> ACTION ITEM: After locating the line that contains "Penti 2 ζευγάρια βαμβακερές κάλτσες με βολάν", transcribe exactly that line and each one after it until the data ends, skipping pictures.

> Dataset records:

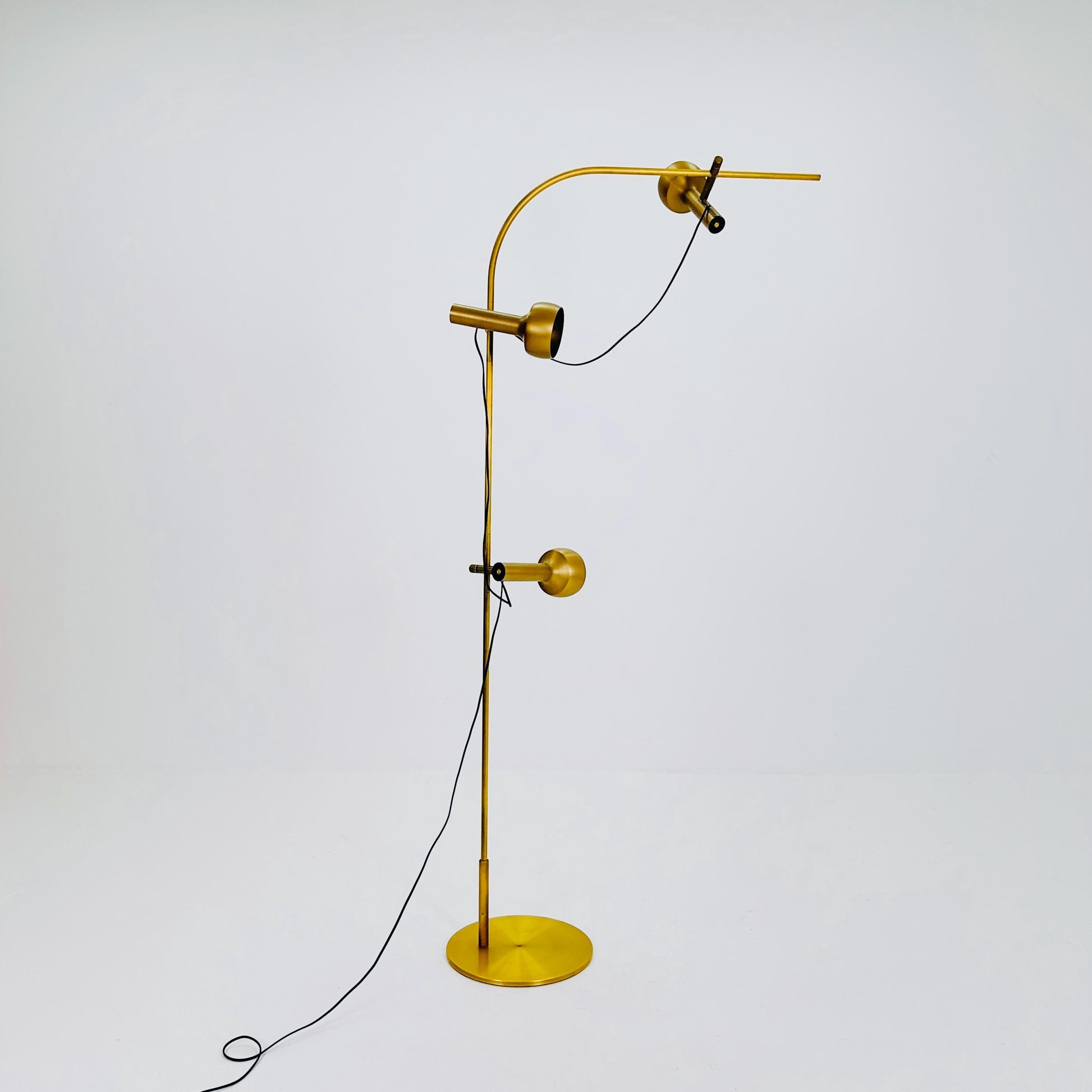 Mid-Century Golden Brass Floor Lamp by V. Frauenknecht for Swisslamps International, 1970s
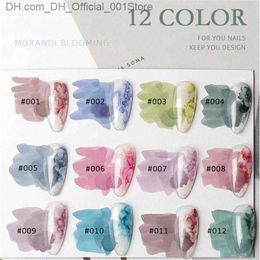 Nail Polish Diy nail blossom gel Soak Off Uv nail gel nail polish smoke effect gel ink marble Colouring effect nail art design process Z230802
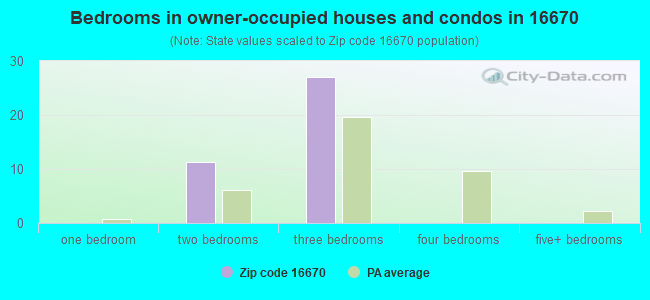 Bedrooms in owner-occupied houses and condos in 16670 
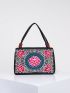 Stylish Floral Embroidered Handbag, Trendy Zipper Canvas Bag, Women's Fashion Purses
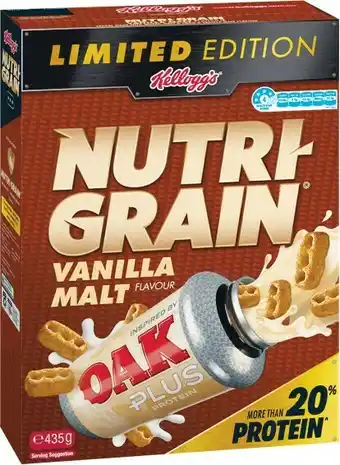 Woolworths Kelloggu2019s Nutri-Grain Oak Vanilla 435g offer
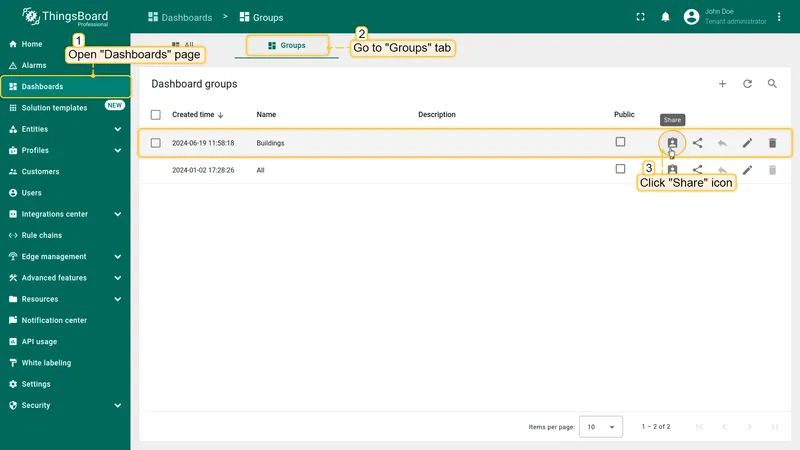Open Dashboards page, go to Groups tab and click Share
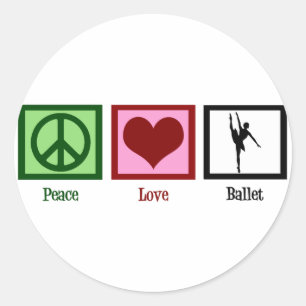 Peace Love Ballet Classic Round Sticker
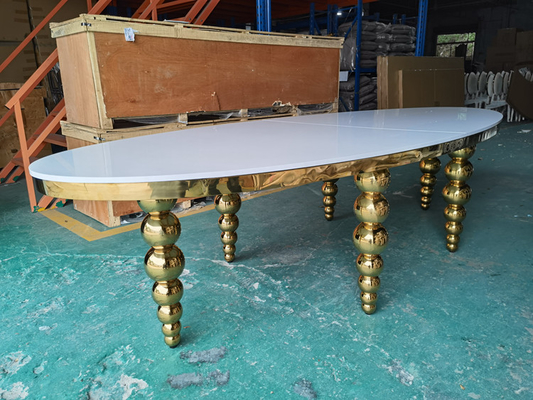 Hình bầu dục Bàn tiệc cưới MDF Bàn tiệc Phong cách tiệc cưới Bàn tiệc cưới Ss Chân bóng vàng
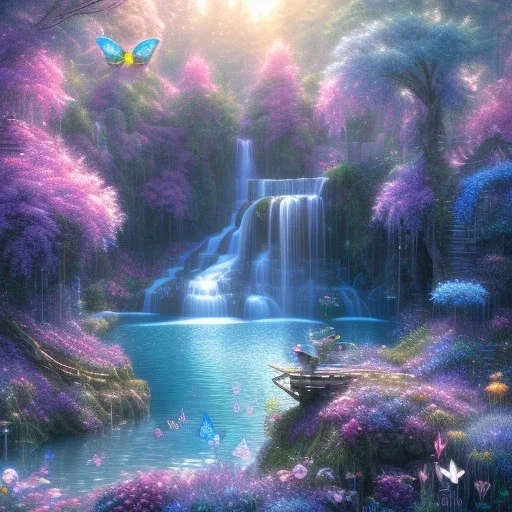 cascata, LAGO BLU, fate, farfalle, SWANN, fiori, alberi in fiore, cielo rosa blu, pieno di dettagli, sole liscio e luminoso ， atmosfera di luce soffusa, effetto luce ， vaporwave colorato, concept art, dettaglio liscio ed estremamente nitido, dettagli finemente sintonizzati, altissima definizione, 8 k, motore irreale 5, messa a fuoco ultra nitida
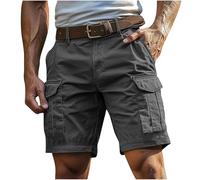 Generico Pantaloncini Estivi Pantaloncini con Tasche Laterali Shorts Pantaloni Corti Slim Fit Multi-Tasche in Cotone Tasconati Bermuda da Lavoro Uomo Shorts Corti Sportivi Estivi Leggero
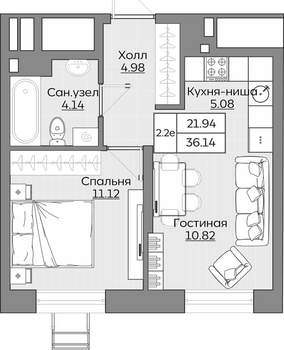 2-к квартира, вторичка, 36м2, 13/24 этаж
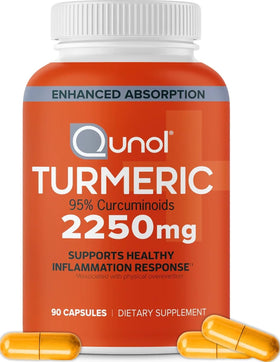 Qunol Curcuma 2250mg 90 capsules vue de face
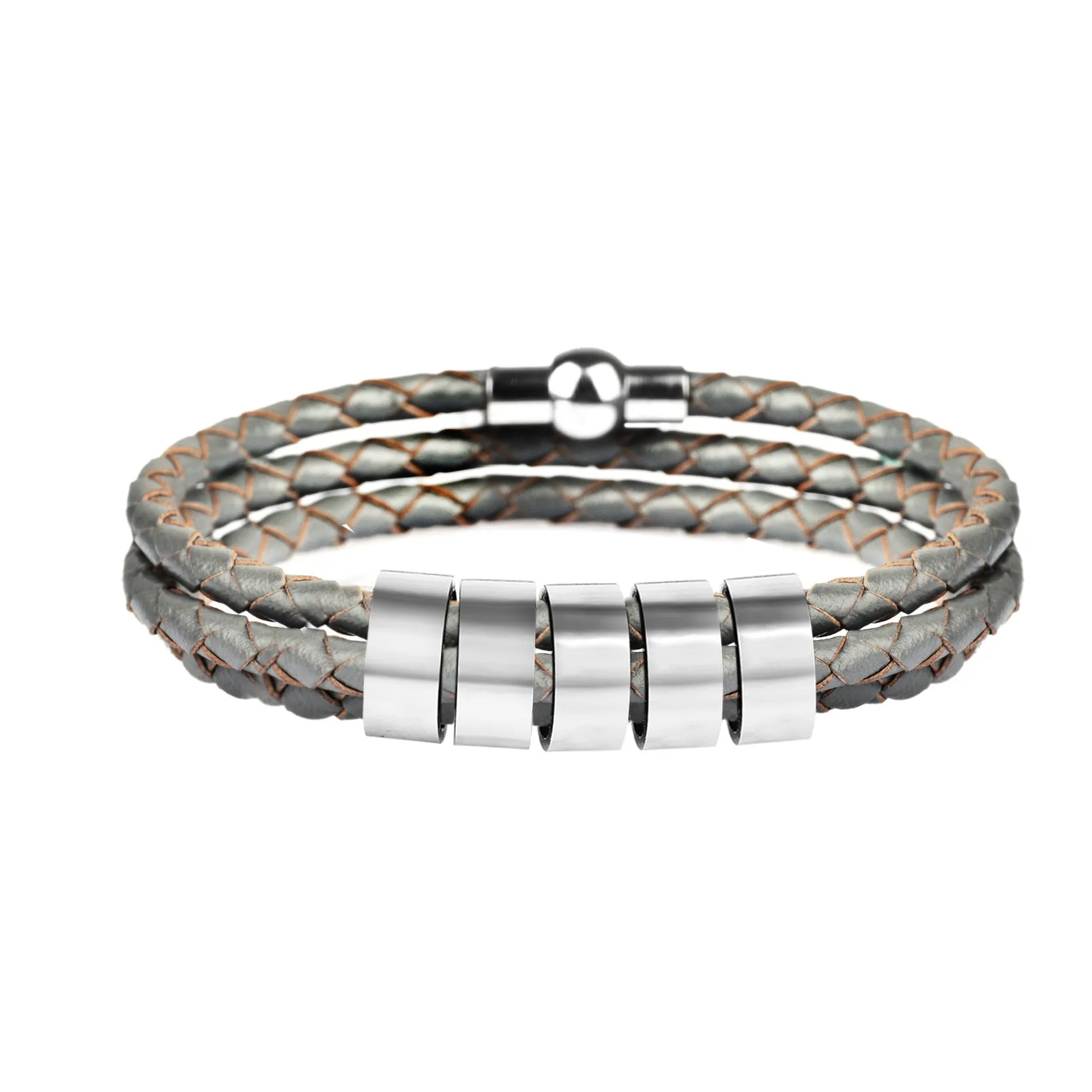 Black braided rope bracelet with stainless steel letter beads, 5mm height, 12mm diameter, 62cm length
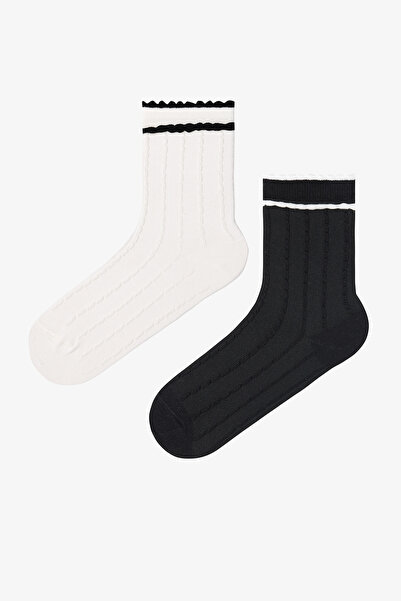 Penti 2 ζευγάρια βαμβακερές κάλτσες με βολάν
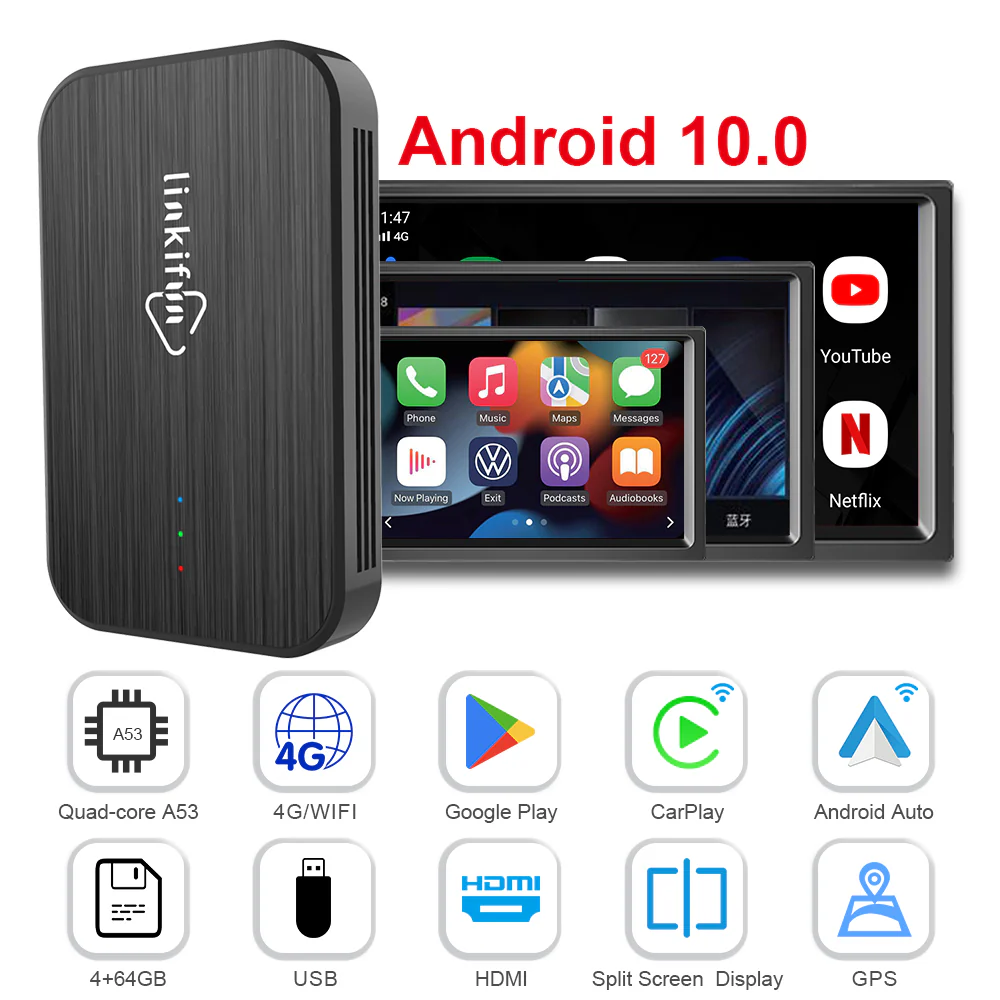 Linkifun Z4 Android 10 Smart AI Box Wireless Carplay/ Android Auto Adapter with HDMI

> ANSWER FOR THIS EXERCISE:
 Penti 2 ζευγάρια βαμβακερές κάλτσες με βολάν
 Linkifun Z4 Android 10 Smart AI Box Wireless Carplay/ Android Auto Adapter with HDMI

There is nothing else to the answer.